Copy exactly the line containing "Folding HDPE Adirondack" and all the lines that follow it to the end of the records, minus the pictures.

[[ Available data open ]]

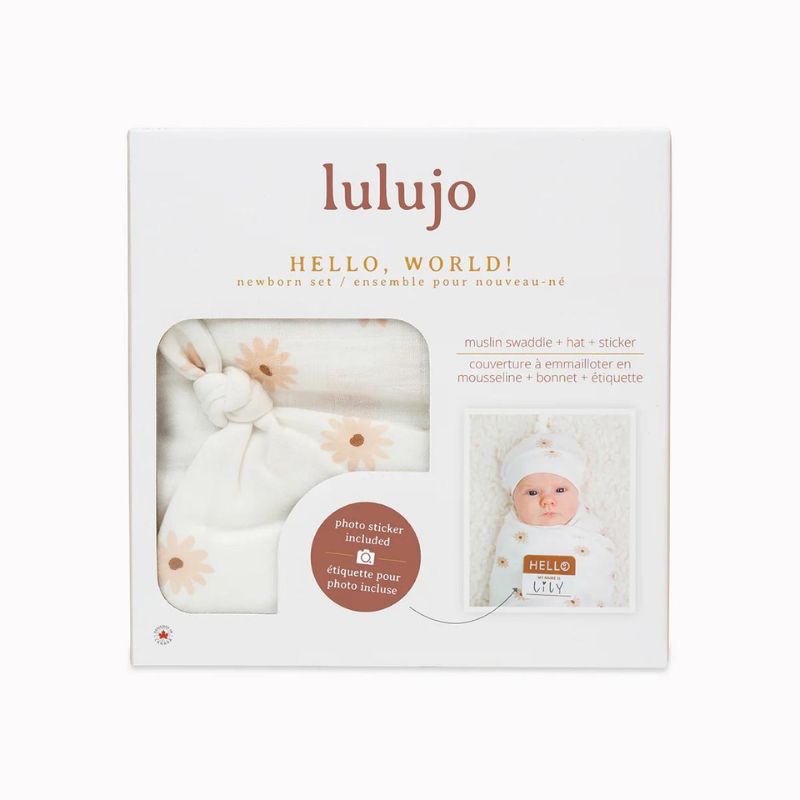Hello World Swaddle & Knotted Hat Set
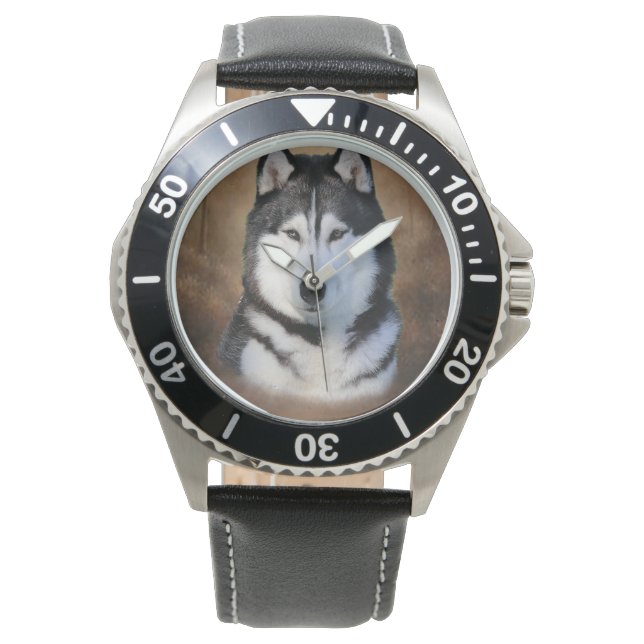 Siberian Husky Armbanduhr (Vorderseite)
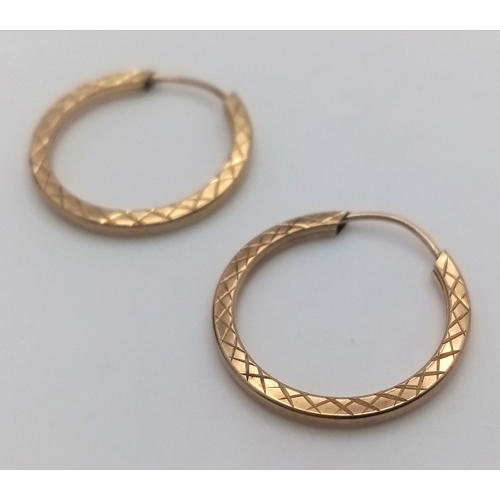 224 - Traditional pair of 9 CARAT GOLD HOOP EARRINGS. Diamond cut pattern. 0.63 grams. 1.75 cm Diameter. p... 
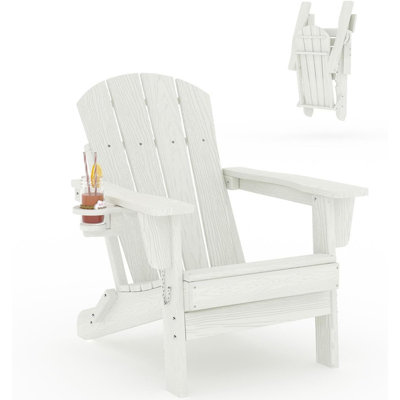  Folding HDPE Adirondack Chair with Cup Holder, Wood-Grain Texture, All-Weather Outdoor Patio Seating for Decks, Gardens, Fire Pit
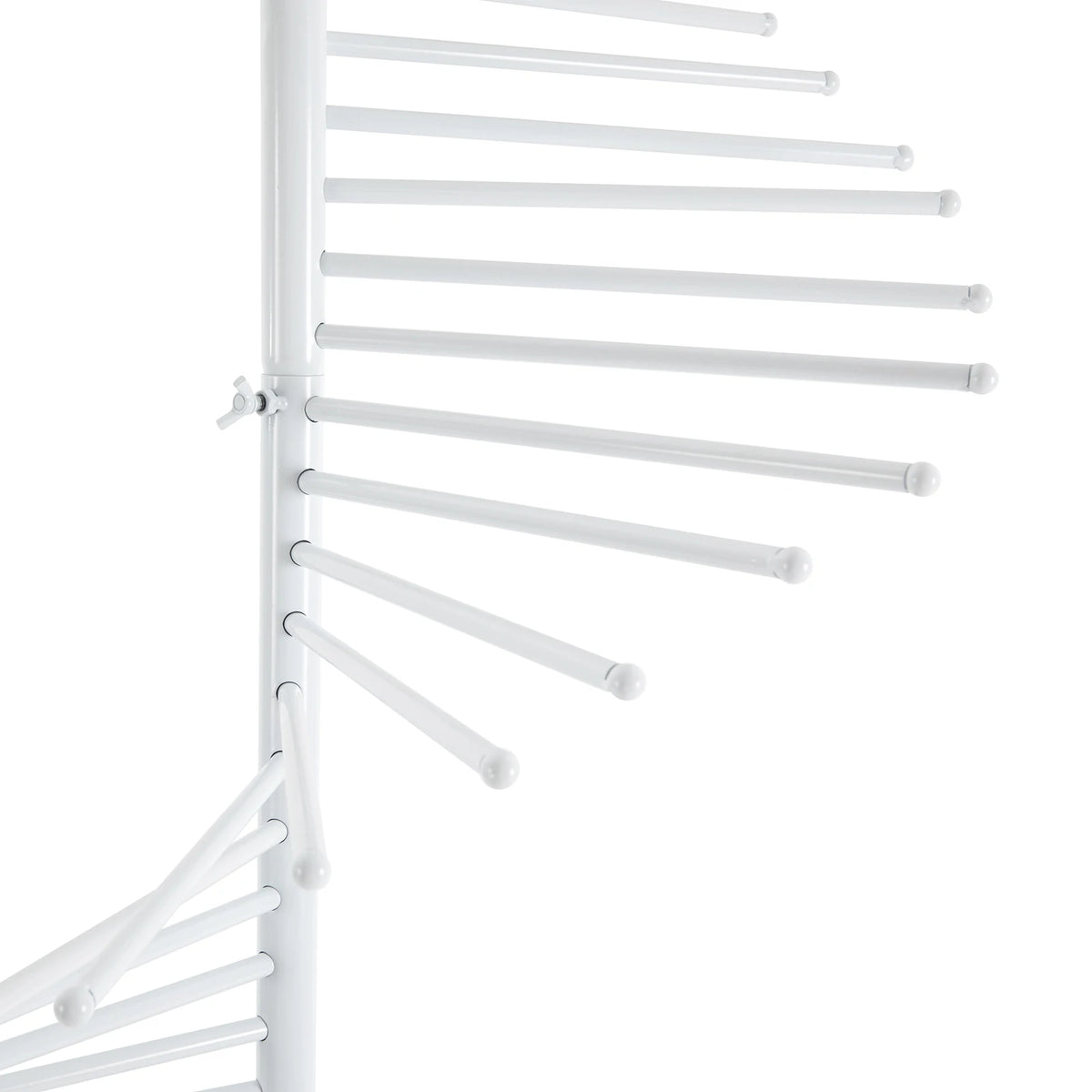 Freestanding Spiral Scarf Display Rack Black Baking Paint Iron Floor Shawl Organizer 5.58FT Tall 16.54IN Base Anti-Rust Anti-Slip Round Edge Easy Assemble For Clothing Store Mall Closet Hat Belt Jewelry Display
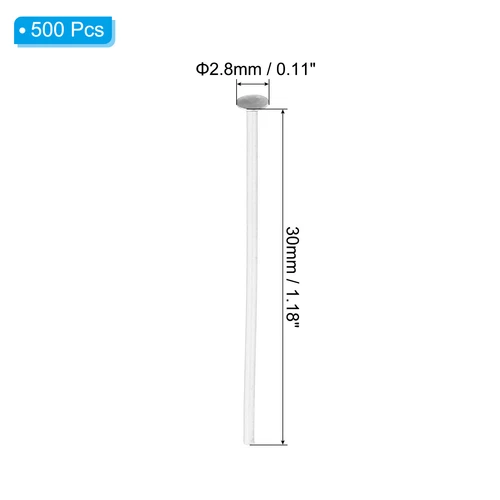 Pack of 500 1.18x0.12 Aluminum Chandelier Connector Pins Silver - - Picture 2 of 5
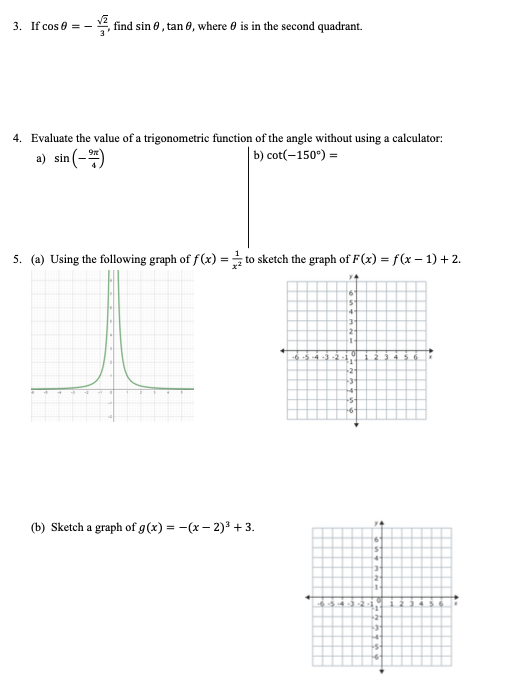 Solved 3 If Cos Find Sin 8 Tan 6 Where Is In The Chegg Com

[[ Available data closed ]]

Answer box:
  Folding HDPE Adirondack Chair with Cup Holder, Wood-Grain Texture, All-Weather Outdoor Patio Seating for Decks, Gardens, Fire Pit
 Freestanding Spiral Scarf Display Rack Black Baking Paint Iron Floor Shawl Organizer 5.58FT Tall 16.54IN Base Anti-Rust Anti-Slip Round Edge Easy Assemble For Clothing Store Mall Closet Hat Belt Jewelry Display
 Pack of 500 1.18x0.12 Aluminum Chandelier Connector Pins Silver - - Picture 2 of 5
 Solved 3 If Cos Find Sin 8 Tan 6 Where Is In The Chegg Com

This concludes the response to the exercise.